A quelques kilomètres à l'ouest de Mauthausen, le site des anciens camps annexes de Gusen se résume aujourd'hui à un mémorial. Sans l'action d'amicales internationales de déportés, et notamment d'anciens détenus italiens qui rachetèrent le terrain sur lequel se trouvaient les vestiges des crématoires,  il n'y aurait aujourd'hui plus aucune trace du bagne nazi dans lequel furent internées plus de 71 000 personnes d'au moins vingt-sept nationalités différentes. Plus de 35 000 y périrent.

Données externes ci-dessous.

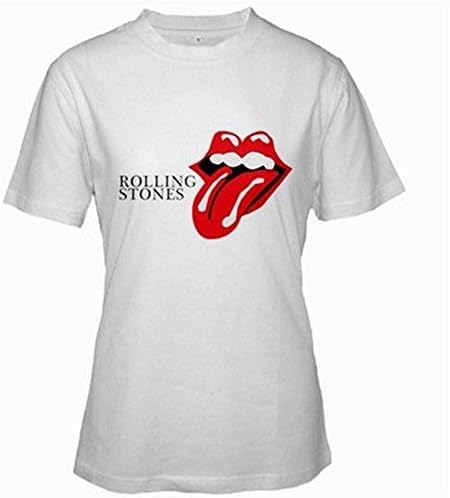 Funny T-Shirts Rolling Stones T-Shirt for Adults, Women, Girls- X-Large - White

Dès la fin du conflit mondial, les propriétaires qui avaient été expulsés par le régime nazi pour les besoins de l'aménagement du camp s'empressèrent en effet de récupérer leurs biens, et les traces du bagne commencèrent à disparaître. Les maisons poussèrent alors comme des champignons sur les ruines de Gusen, dans l'indifférence générale. Le grand portail d'entrée du camp sert aujourd'hui de façade à une belle maison où le propriétaire a construit une piscine, et tenté d'aménager l'endroit pour mieux le faire oublier. On dit qu'il n'est pas plus gêné que ça quand les cars de touristes viennent stationner devant chez lui. Et il y a mieux encore. Dans l'auberge de l'autre côté de la route face au mémorial, on mange dans des assiettes marquées "Waffen SS"...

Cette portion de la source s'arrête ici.